I'm trying to link object files generated by MinGW gcc with ld.exe supplied with MinGW to create a final 32 bit executable on Windows 10 64 bit . The code is more than simple enough. I have a maindefined.c file with the main function:
void main(int argc, char **argv) {}
For the mainCRTStartup I'm using a custom C startup code nocrt0 I found on GitHub that claims is fully compatible with MinGW: https://github.com/matveyt/nocrt0 which parses the command line arguments and calls main() by supplying these arguments.
I've put this startup code nocrt0c.c (as I'm trying to develop a simple console application) on a file called maincaller.c
I'm creating object file for these two C source via the MinGW gcc command line
gcc -g -O -c maincaller.c -m32
gcc -g -O -c maindefined.c -m32
I've looked through the nocrt0 startup code and found it uses the GetCommandLine()

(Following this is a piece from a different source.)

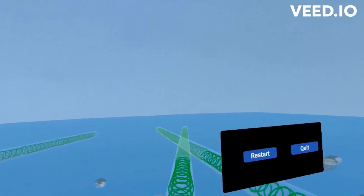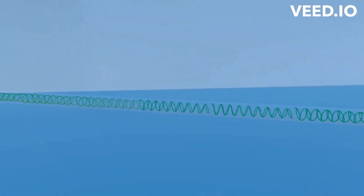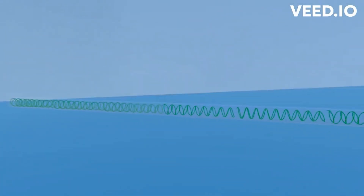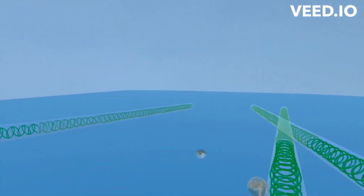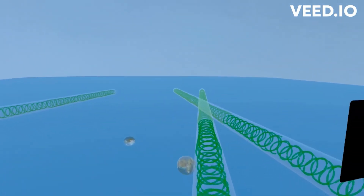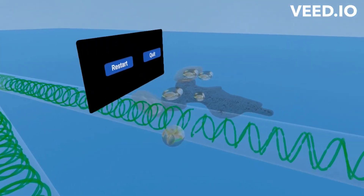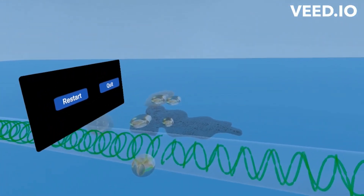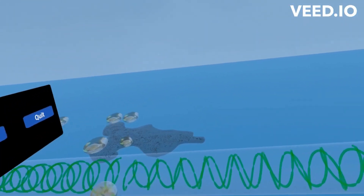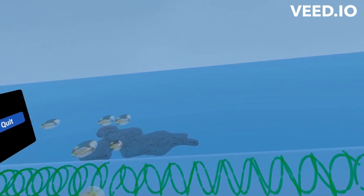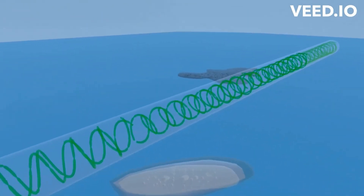The microscopic examination of pond water typically reveals a diverse array of microorganisms, including various species of algae, protozoa, spirogyra, bacteria, and microscopic multicellular organisms, collectively comprising a complex aquatic ecosystem.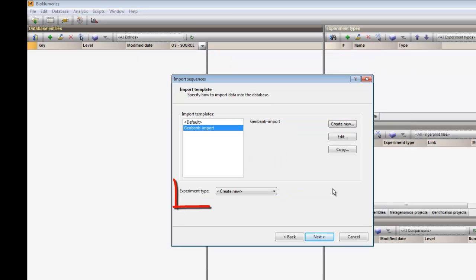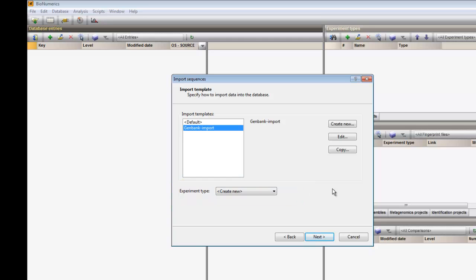I can choose a sequence experiment that is already present in my database. Or, in case it is the first time that I import sequences from this specific gene in this database, I can create a new sequence experiment type. I will create a new sequence experiment and I am prompted to give it a name.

API exported by kernel32.dll to fetch the command line arguments before parsing them and supplying them to main, so during linking with ld I supplied the 32 bit version of kernel32.dll on my PC in the input as well
ld --verbose -o output.exe maincaller.o maindefined.o "c:\windows\syswow64\kernel32.dll"
This throws no unresolved external error as expected, but the final output.exe produced is a zero kb file with absolutely no input. Ld verbose doesn't emit any useful error output either. What could be going wrong? Would love some help regarding this
This turned out to be a silly issue but I want to leave it here regardless for anyone checking in later. The Symantec Antivirus on my PC was deleting the content of the entire binary after it was successfully being created by ld.exe. So if you're doing anything MinGW or linking related with any other toolchain, a good idea would be to disable any Antivirus/Access Protection solution that you have.